Most Utah public school districts have received no challenges
A majority of districts that responded to KSL’s request have received no challenges to date. Those 22 districts include Weber County, North Sanpete, and Tooele County School Districts.
Of the districts that have received challenges, some have received dozens. In the Granite School District, 94 books have been challenged, 26 books were removed, and 23 were restricted, according to district spokesperson Ben Horsley.
He said that, in the Granite District, another 42 books are pending appeal.
Search the full list of books challenged by school district here:
The view, from the library
Before a library book is placed on a public school shelf in Utah, somebody has already reviewed and considered the book’s content, age, and grade appropriateness.
It’s the librarian, who has to weave their way through multiple layers of requirements.
“So, you do the Venn diagram of state law, state standards, local policy, parental input, my educational experience, all of the reviews, the little bit of money I got, and you have a little bit of a sweet spot of ‘these are the books that we’re going to apply,” said librarian Peter Bromberg, a longtime librarian and associate director of the nonprofit Every Library.
Bromberg said recent rhetoric surrounding book challenges has had a negative impact on mental health for librarians.
“The accusations that someone, a teacher or librarian, is trying to harm a child, is really, it’s indefensible,” he said. “And the emotional toll that it’s taking is significant.

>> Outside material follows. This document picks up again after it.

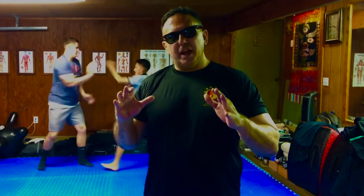Welcome to our training today. We're going to go over what we've been working on for lesson four. As you can see in the background, Lance and Jacob are working on the drill that they learned today, and we're going to break down how we got there.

We have people leaving the field. We have people who are staying in the field but can’t sleep or are experiencing the ravages of chronic stress and are afraid to speak out about it.”
Besides, said Bromberg, it’s not school libraries that parents need to be concerned about. It’s their phones.

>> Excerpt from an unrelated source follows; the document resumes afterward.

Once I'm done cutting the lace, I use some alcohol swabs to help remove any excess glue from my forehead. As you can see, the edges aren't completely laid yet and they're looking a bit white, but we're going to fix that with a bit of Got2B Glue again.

“If we’re really concerned about the deleterious effects of pornography on children’s brains, that’s where we should be focusing. Not on books or literature.”
In the Granite School District, a few people have kept busy with book challenges
Horsley said that the 94 book challenges his district has received have come from six people, including himself.
“The overwhelming majority of the content has come from one parent who’s done a lot of research,” Horsley said.
“If somebody’s telling me a house is on fire, do I care where it is where I get that information from?” Horsley said. “I want to know if there’s pornography on our shelves, I want to know about it. If a community member is going to be the one to tell me about it, great. We need more eyes on this, not less.”
Horsley said this is not about “banning” books.
“This is our job to provide appropriate content to kids. And if it’s sexually explicit, it does not belong on our shelves,” Horsley said. “And that’s not banning books, that’s simply not providing them in a school setting.”
Garrick Peterson, Director of Academics at Wasatch School District agrees.
“The school board has a responsibility to make sure that the curriculum that is in front of kids is appropriate,” Peterson said.
Book challenges: A time-consuming process
Horsley said the review process for each challenged book takes up a lot of time.
“We’re still actually making decisions on a majority of those books. And it’s a tedious process, and it’s taking, it’s very time-consuming,” Horsley said.
He estimates the district has spent more than $100,000 dollars and at least 2,500 man-hours to make sure they are compliant with state code.
He also said librarians feel a strong sense of responsibility in providing books for a diverse group of students.
“We need materials that reflect and show the identities of both the ethnic and minorities, families that we represent and serve,” Horsley said. “Kids need to be able to see themselves in these stories, they need to see themselves as the heroes in the stories. But they do not need to see sexually explicit materials on a school library shelf.